Taiwan's voters went to the polls to elect legislators last Saturday - and the results suggest they may finally be getting tired of their country's numerous elections. About 80 per cent of Taiwan's citizens voted in March in the presidential election; this time fewer than 60 per cent turned out.
Taiwan has no absentee, postal or pre-voting systems, so this is still a good turnout. But clearly the ruling Democratic Progressive Party has lost the momentum that had carried it to ever-greater victories since 2000.
From the end of World War II until 2000, the Kuomintang (KMT) or Nationalist Party controlled Taiwan's politics. For more than 40 of those years, the KMT ran an authoritarian system that enabled the minority from the Chinese mainland, 15 per cent of the island's population, to control the native Taiwanese who accounted for 85 per cent. Only in the 1990s, under President Lee Teng-hui, did Taiwan democratise.

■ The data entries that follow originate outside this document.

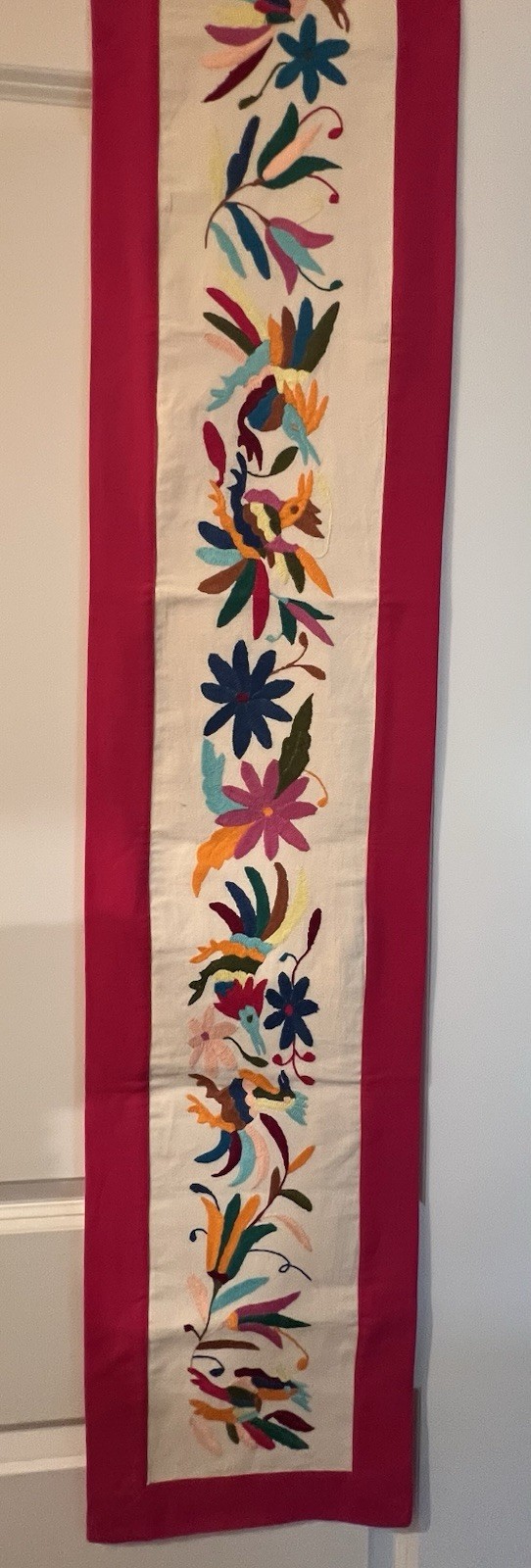 Embroidered Mexican Handmade Table Runner Embroidered Mexican Handmade Table Runner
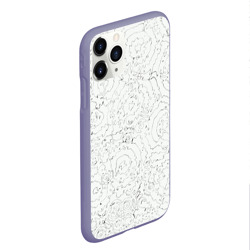 Чехол для iPhone 11 Pro Max матовый Хаотичная черно-белая рябь - узор Хуф и Ся - фото 2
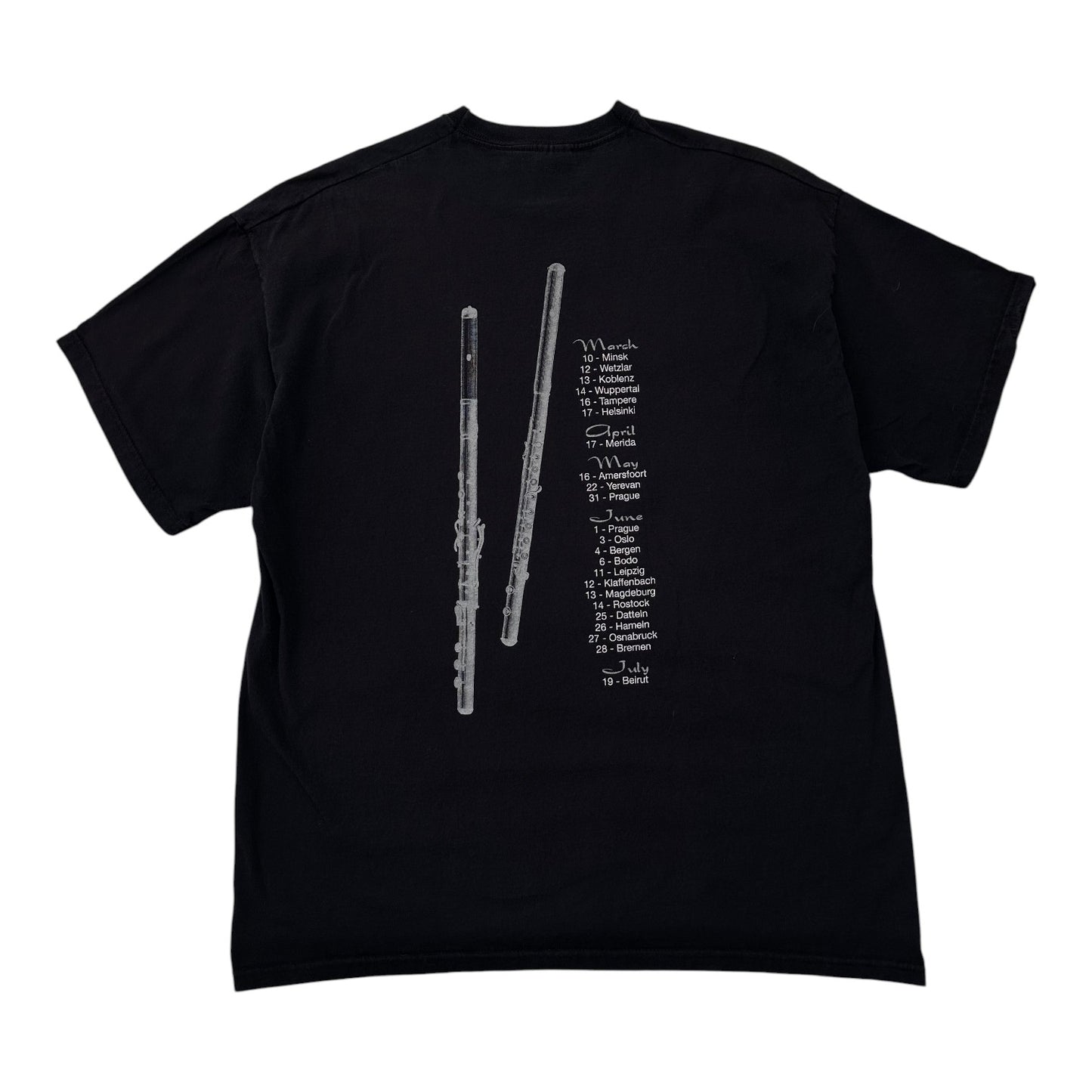 Vintage Jethro Tull European Tour Graphic Black T-shirt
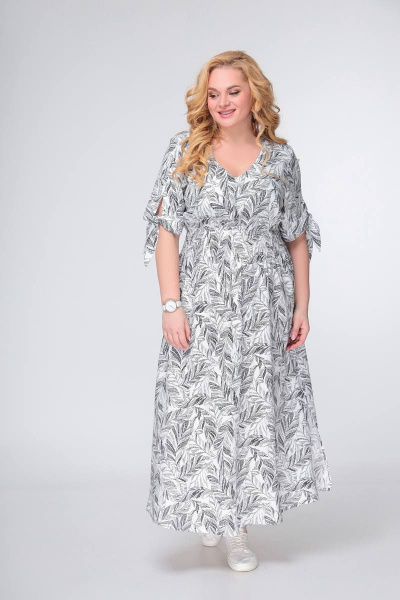 Платье Swallow 469 белый_папоротник - фото 4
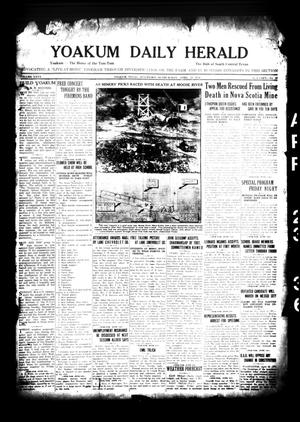 Yoakum Daily Herald (Yoakum, Tex.), Vol. 40, No. 19, Ed. 1 Thursday, April 23, 1936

Then in 2000, the DPP candidate for president, Chen Shui-bian, defeated a divided ruling party. In 2001, the DPP surprisingly became the largest party in the parliament, though it still controlled only a minority of the seats.
Earlier this year, President Chen Shui-bian won re-election by 30,000 votes out of almost 13 million votes cast. Many observers, as well as the DPP leadership, hoped last Saturday's election would finally see a DPP-led majority in parliament, but this did not occur. Rather the DPP gained a 2 per cent increase on its 2001 vote and gained two seats. The KMT and its ally retained a majority.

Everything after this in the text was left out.